◆ **INPUT DATA**
--- START ---
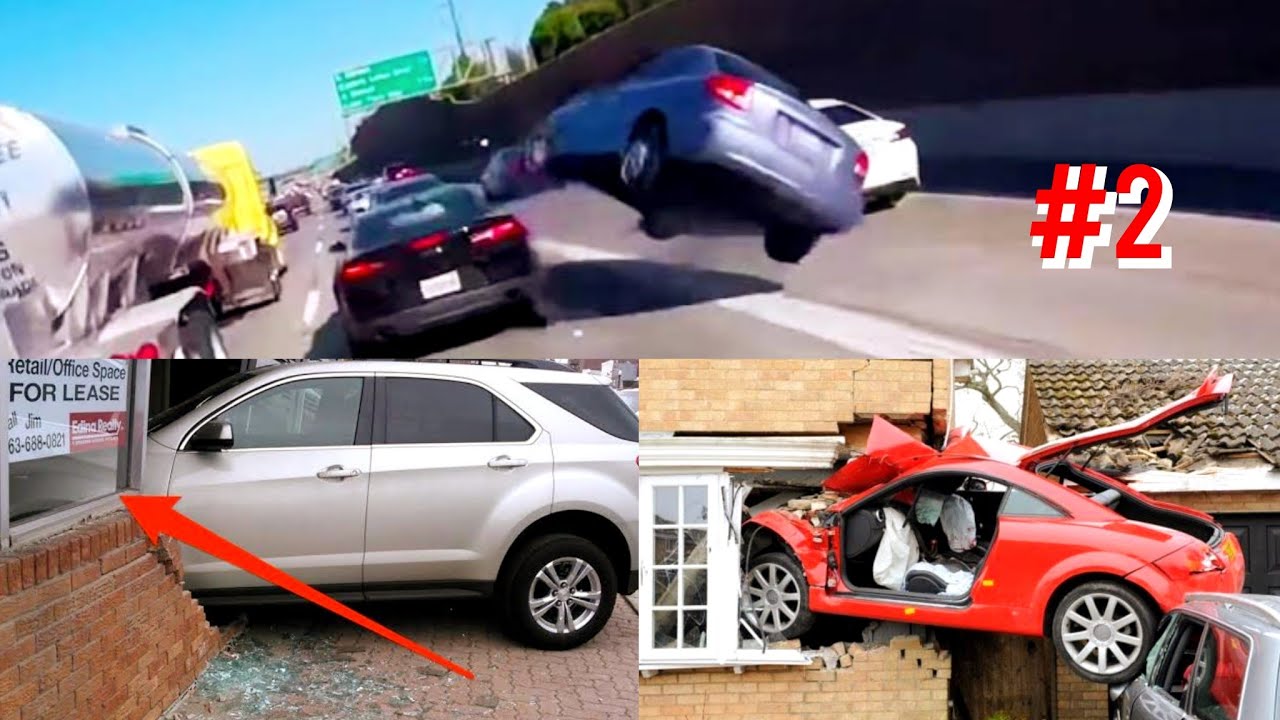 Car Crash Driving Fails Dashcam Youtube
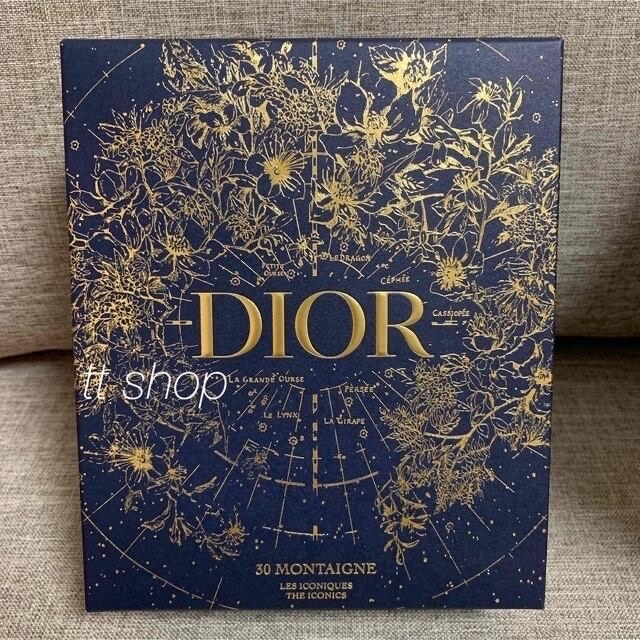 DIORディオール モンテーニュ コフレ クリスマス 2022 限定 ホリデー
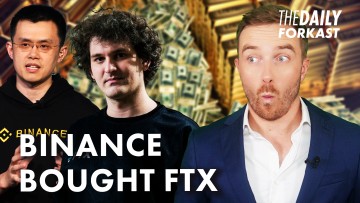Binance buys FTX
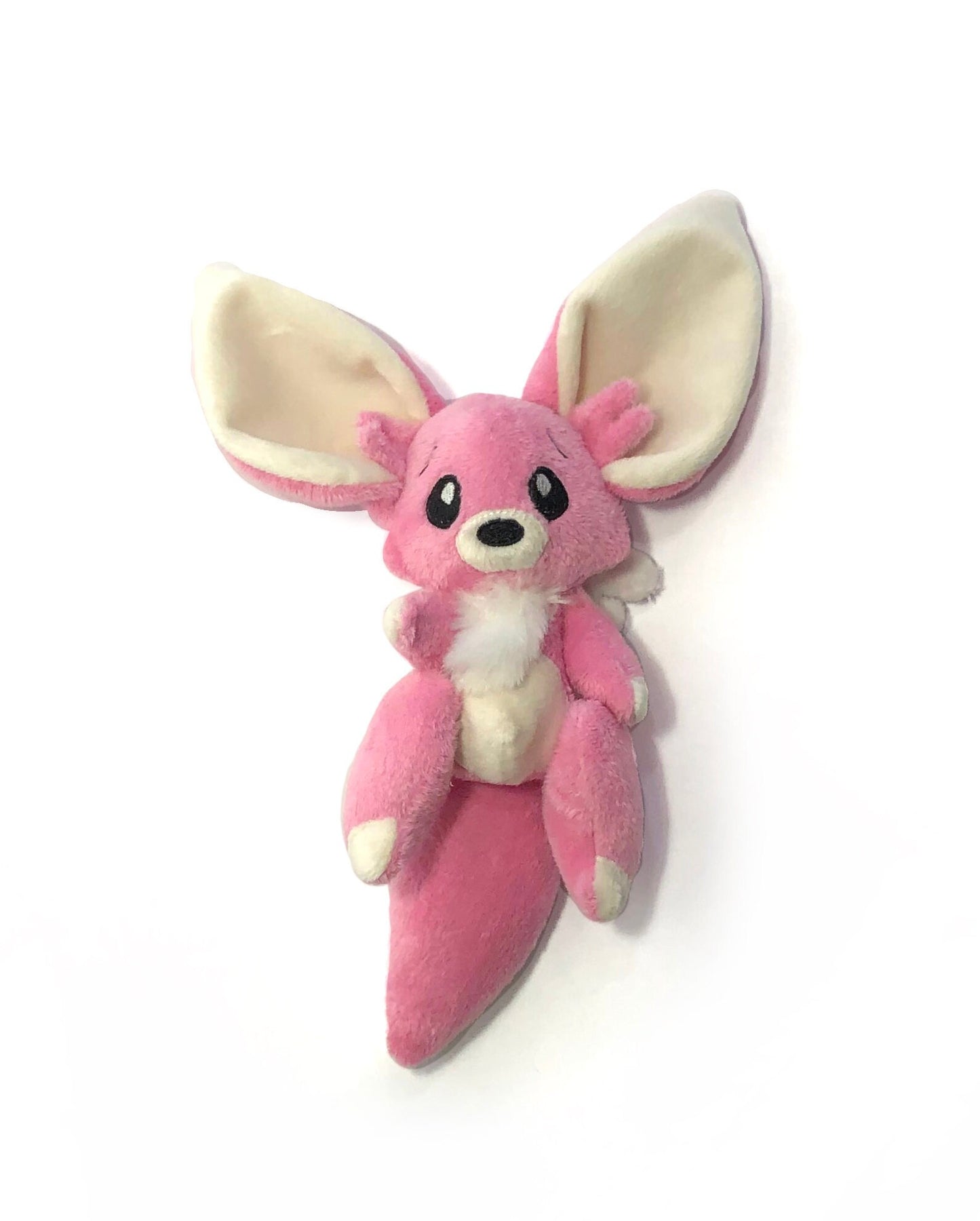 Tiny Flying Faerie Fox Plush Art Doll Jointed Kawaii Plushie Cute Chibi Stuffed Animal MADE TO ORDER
--- END ---
◆ **HOW TO COMPLETE THIS TASK**
Every line from the one containing "DIORディオール モンテーニュ コフレ クリスマス 2022 限定 ホリデー" through the last line of the data, both included, is to be repeated exactly; the pictures are to be left out.

◆ **TASK RESPONSE**
 DIORディオール モンテーニュ コフレ クリスマス 2022 限定 ホリデー
Binance buys FTX
 Tiny Flying Faerie Fox Plush Art Doll Jointed Kawaii Plushie Cute Chibi Stuffed Animal MADE TO ORDER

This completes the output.